:: Source material
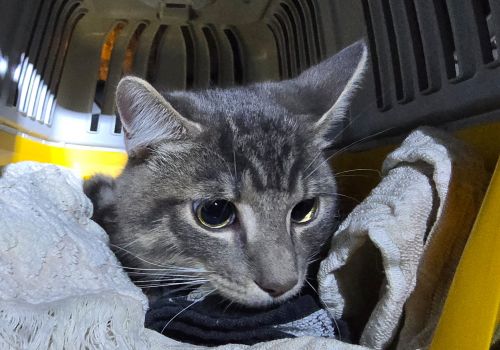 Bezšķirnes - attēls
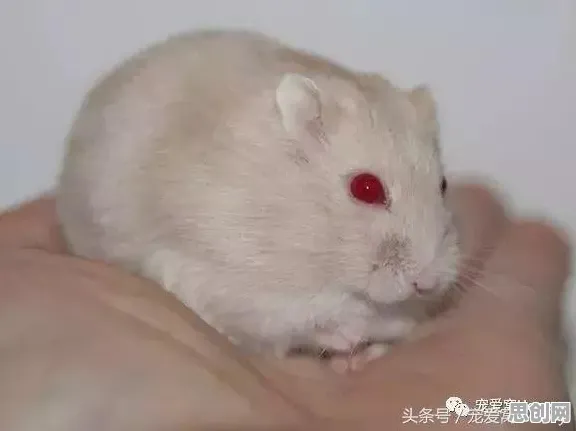 工业低代码平台的真相,遗传编程揭示了我们忽视的关键 工业低代码平台的真相,遗传编程揭示了我们忽视的关键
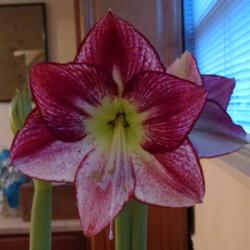 Location: Maryland
Date: 2015-12-03
Once again, my earliest amaryllis bloom!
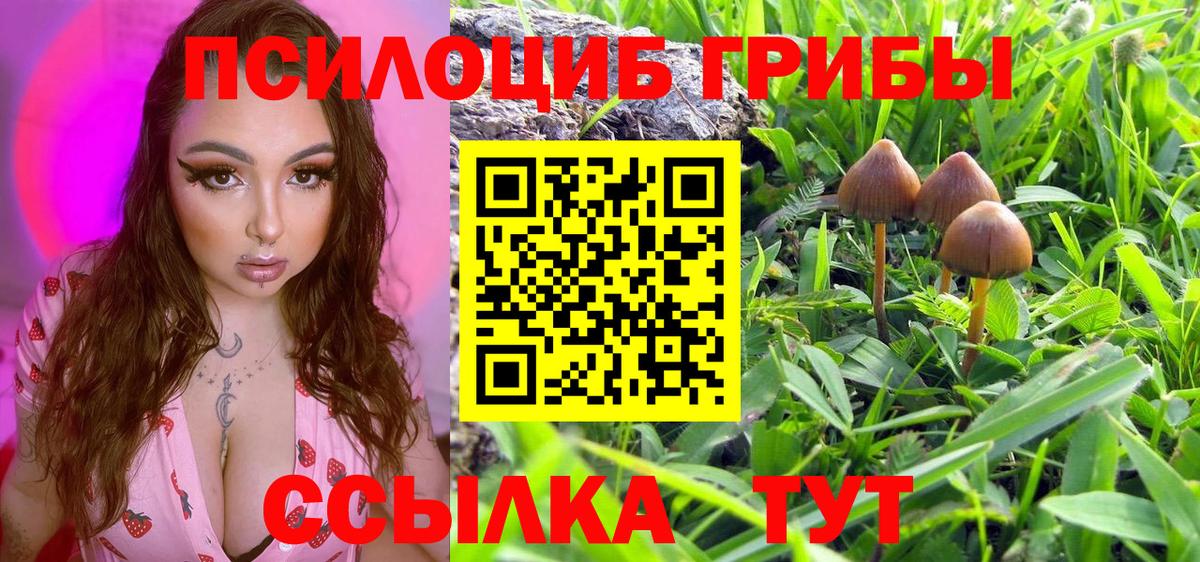 Псилоцибиновые грибы прущие грибы Нововоронеж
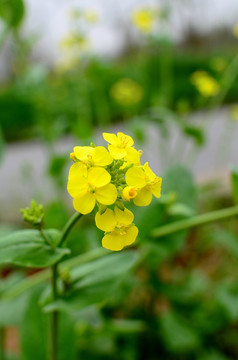 油菜花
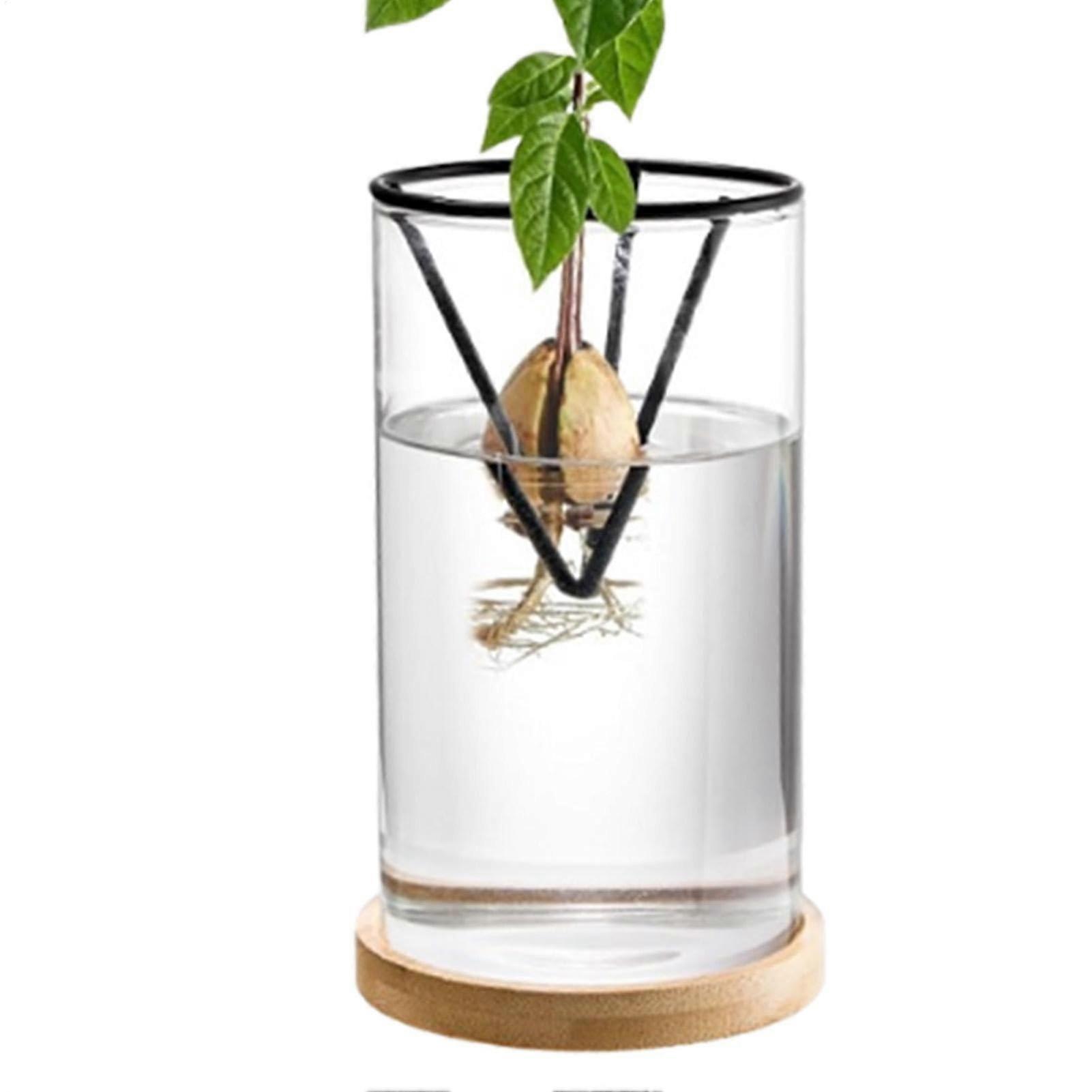 Avocado Tree Growing Kit Hand Blown Clear Glass Seed Vase with Wooden Base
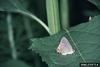 Gray Hairstreak Butterfly (Strymon melinus)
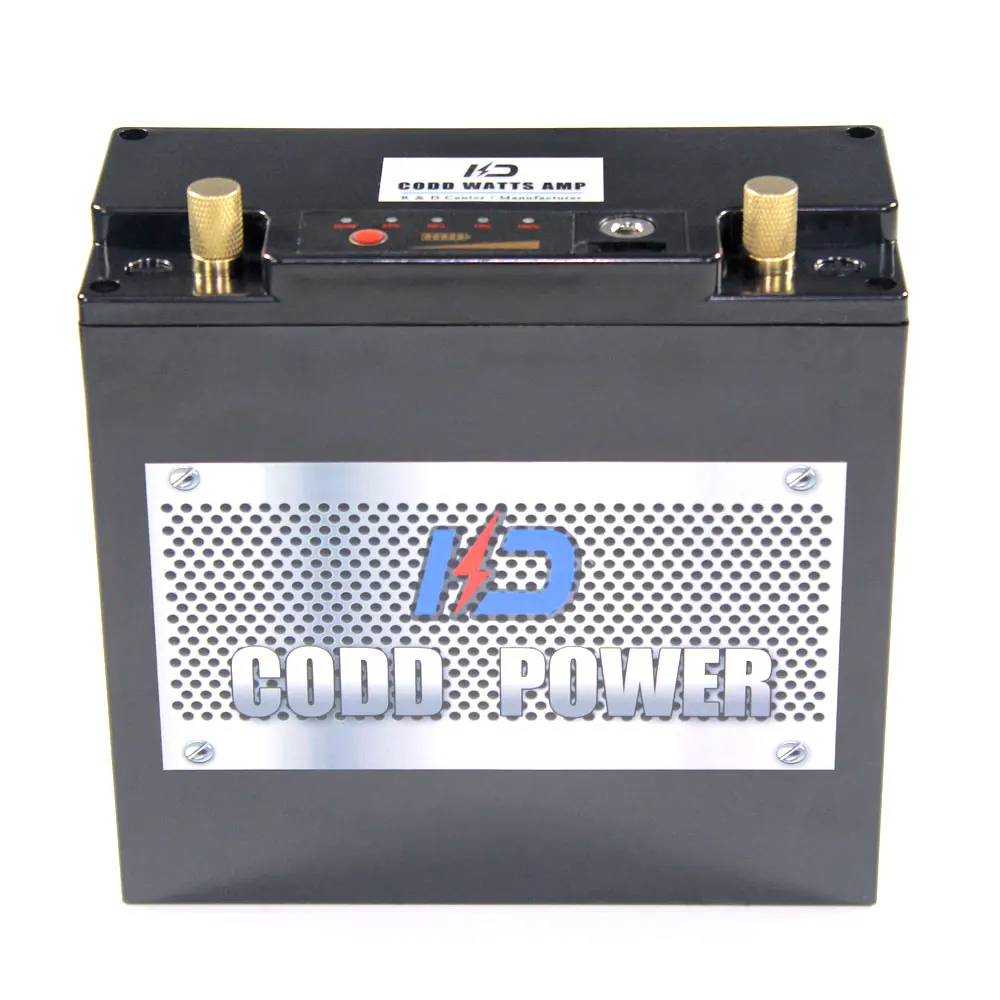 5 шт 12 8 V 30AH LiFePO4 батарея портативная коробка с BMS и зарядным устройством|Батарея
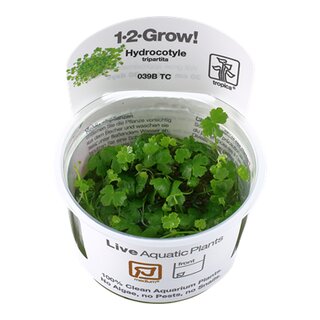 Hydrocotyle tripartita (1-2-Grow!)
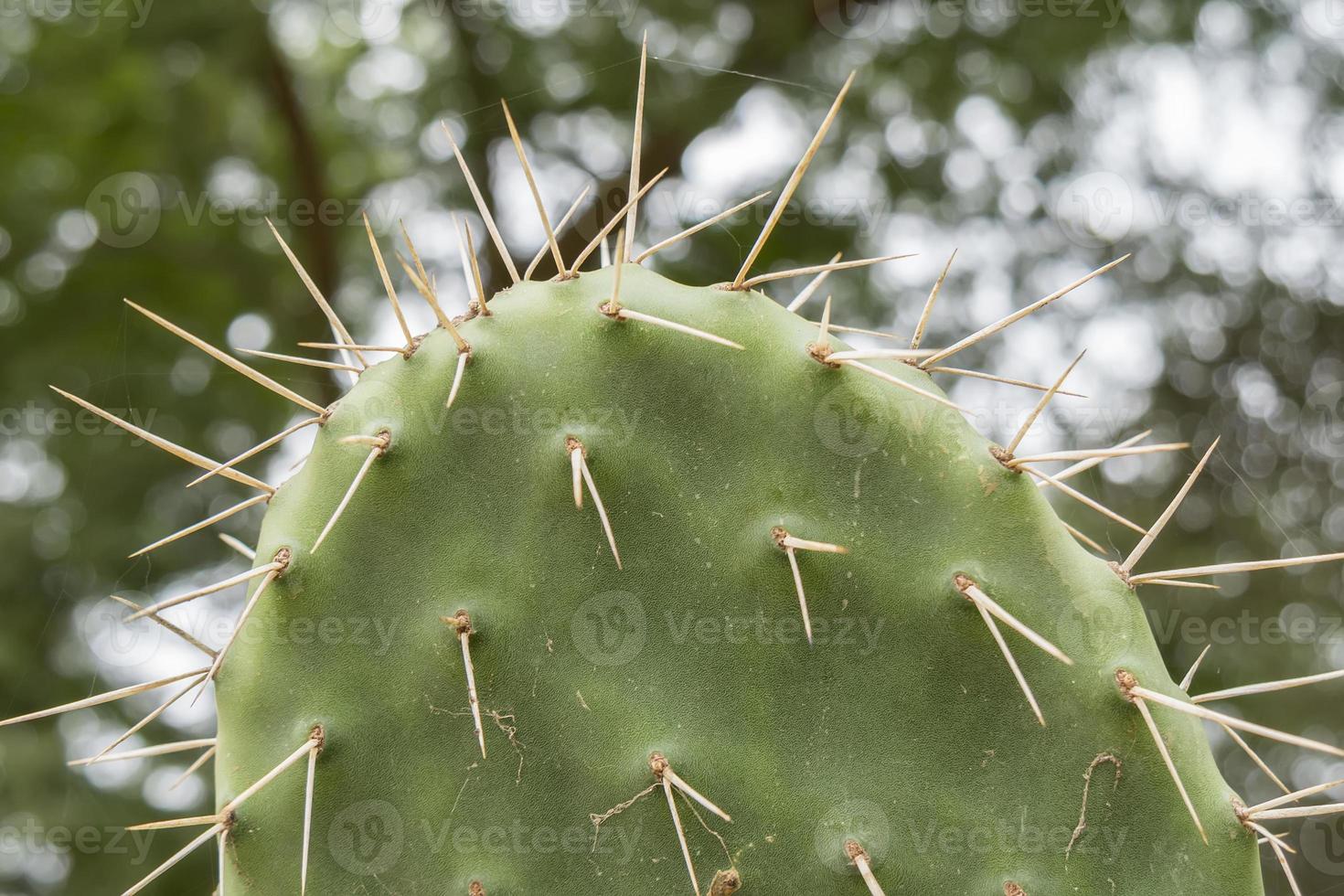 cactaceae, opuntia, figue de Barbarie cactus fruitsand photo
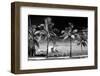Palm Trees overlooking Downtown Miami - Florida-Philippe Hugonnard-Framed Premium Photographic Print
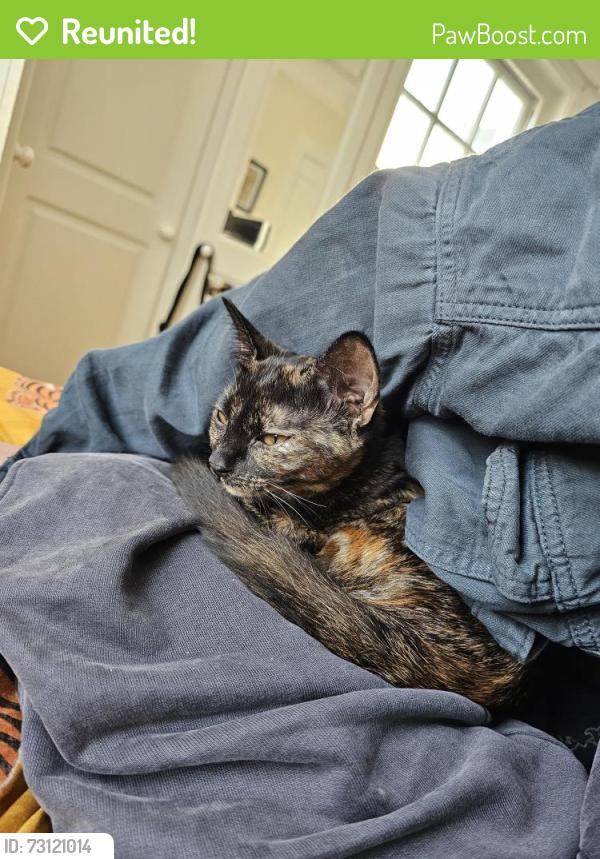 Reunited Female Cat last seen Streatham common, Greater London, England SW16 2AB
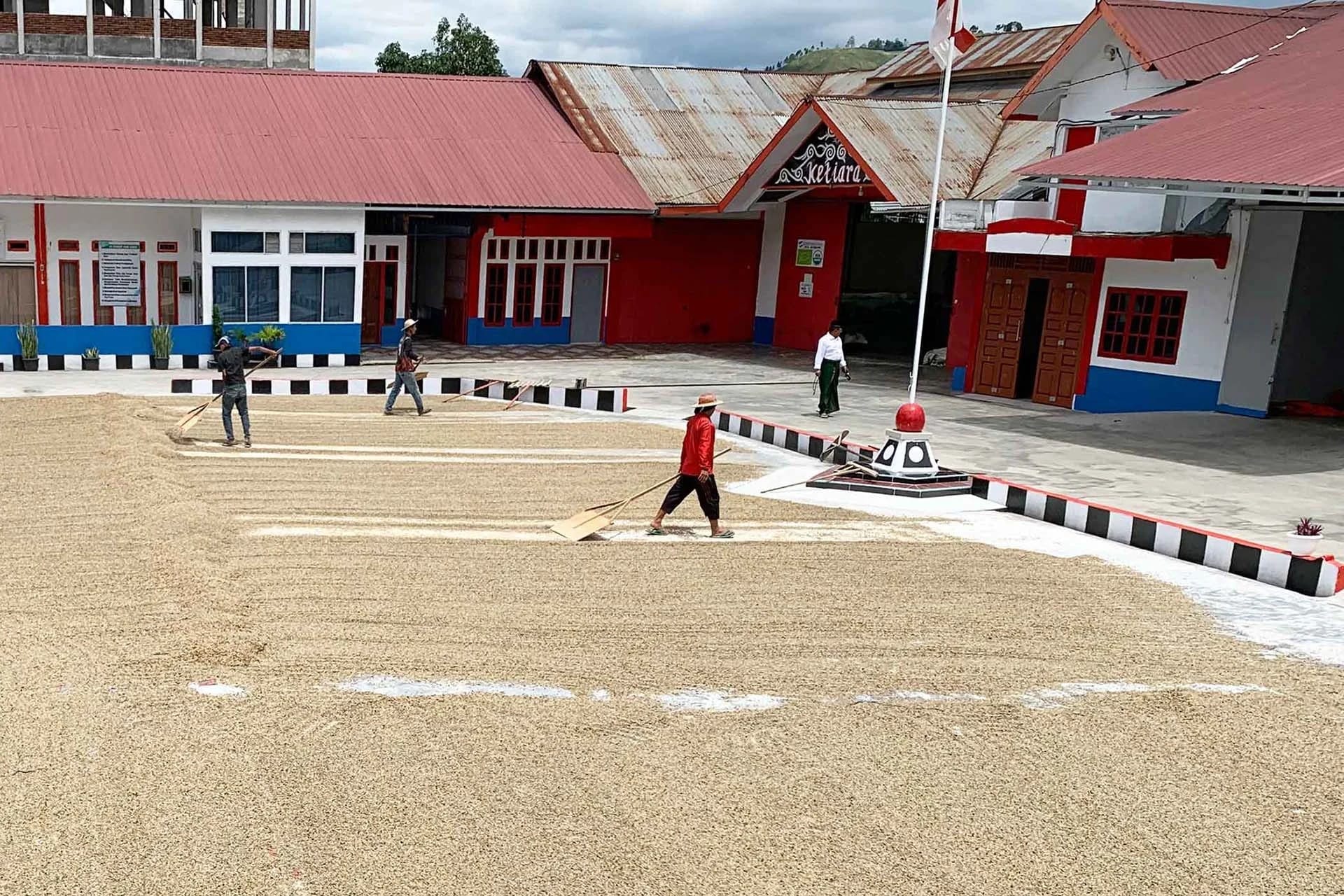 Alcune persone stanno stendendo il caffè per l'essiccazione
::::
### Exercise
Print the lines from the one holding "Avocado Tree Growing" through the last line of the records, word for word, and omit the pictures.

### Result for this task
 Avocado Tree Growing Kit Hand Blown Clear Glass Seed Vase with Wooden Base
 Gray Hairstreak Butterfly (Strymon melinus)
 5 шт 12 8 V 30AH LiFePO4 батарея портативная коробка с BMS и зарядным устройством|Батарея
 Hydrocotyle tripartita (1-2-Grow!)
 cactaceae, opuntia, figue de Barbarie cactus fruitsand photo
Palm Trees overlooking Downtown Miami - Florida-Philippe Hugonnard-Framed Premium Photographic Print
 Reunited Female Cat last seen Streatham common, Greater London, England SW16 2AB
 Alcune persone stanno stendendo il caffè per l'essiccazione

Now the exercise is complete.